- Author
- Farnsworth, Lieutenant-Commander (E) R. T. RAN
- Subjects
- Ship histories and stories
- Tags
- None noted.
- RAN Ships
- HMAS Quentin, HMAS Quickmatch, HMAS Quiberon
- Publication
- December 1974 edition of the Naval Historical Review (all rights reserved)
It is with some trepidation that I pick up my pen to try and describe some of my impressions during the time I ‘stood by’ the building of Quickmatch; but I feel they may be of interest to my shipmates in a ship of which I am inordinately proud; albeit they must of necessity be strictly personal ones.
ARRIVING IN LIVERPOOL on a really foul day early in January 1941, with a drizzling rain and a biting wind, my first feeling was one of depression, and I started a fit of shivering that was not to stop for some two months.
London was bitterly cold, and I was thankful to find that Quickmatch was building in the Isle of Wight; at least it was a bit nearer to the Equator. Funny to think of heat now!
Alas, this proved to be merely a fond hope, there was a snowstorm in progress when I arrived at Cowes and about two feet of snow on the roads. No! I did not stop shivering. People said that it was a cold winter certainly, in fact you didn’t often see snow in Cowes; and anyhow, they supposed my blood was a bit thin! It was!
J. Samuel White and Co. Ltd. proved to be a small firm doing a staggering amount of work. There were three ‘Q’ destroyers in hand, Quentin fitting out, Quiberon and Quickmatch still on the slips, as well as an SGB and two Hunts. ‘Yours is that rustylooking job,’ I was told, and saw our floating palace of today as a lot of ribs sticking up from the ways with the bow and stern plating missing, and she did look rusty – very!

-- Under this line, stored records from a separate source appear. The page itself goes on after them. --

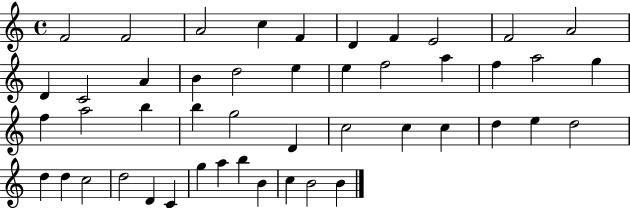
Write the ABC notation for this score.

X:1
T:Untitled
M:4/4
L:1/4
K:C
F2 F2 A2 c F D F E2 F2 A2 D C2 A B d2 e e f2 a f a2 g f a2 b b g2 D c2 c c d e d2 d d c2 d2 D C g a b B c B2 B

Nobody seemed to be interested in her at all, and when I walked round, I could only see about half a dozen men who seemed rather bored with a bit of plating that they were riveting to the frames.
But by some peculiar agency, and it still remains a shipbuilding mystery to me, one could see her growing day by day. As no work could be done by night on the hull, I suppose these bored gentlemen just whipped plates on when nobody was looking!

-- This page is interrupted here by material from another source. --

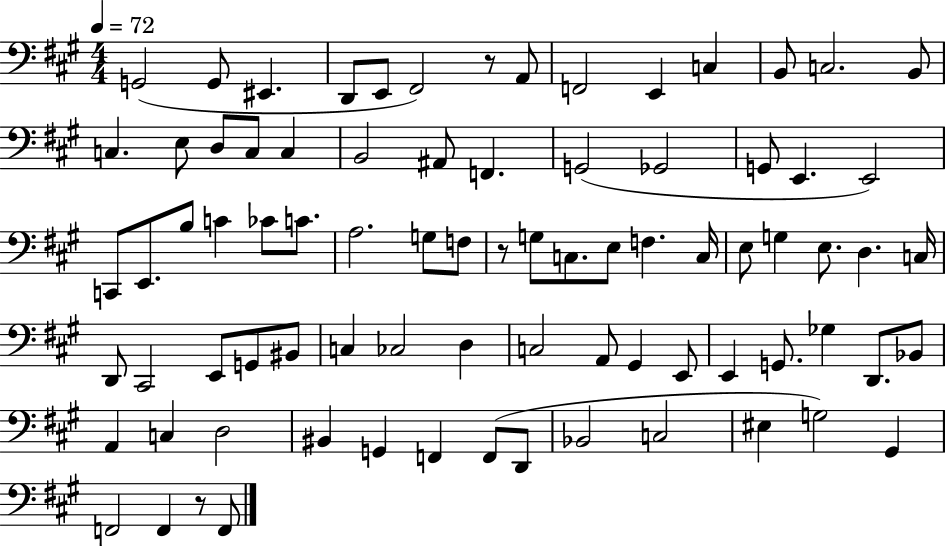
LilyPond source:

In the shops, our engines were still in a very elementary stage, and here again, it never ceased to astonish me the way in which a lot of rough pieces of metal rapidly became a boiler or a turbine.
The office I was given had no central heating, but there was a stove that didn’t work and filled the office with smoke – as still shivering heavily.
The Isle of Wight, up to this time, had received no damage from the activities of the Hun, beyond a few craters in deserted parts of the island, but had had a grandstand view of the blitzes on Portsmouth and Southampton, so that Cowes remained intact.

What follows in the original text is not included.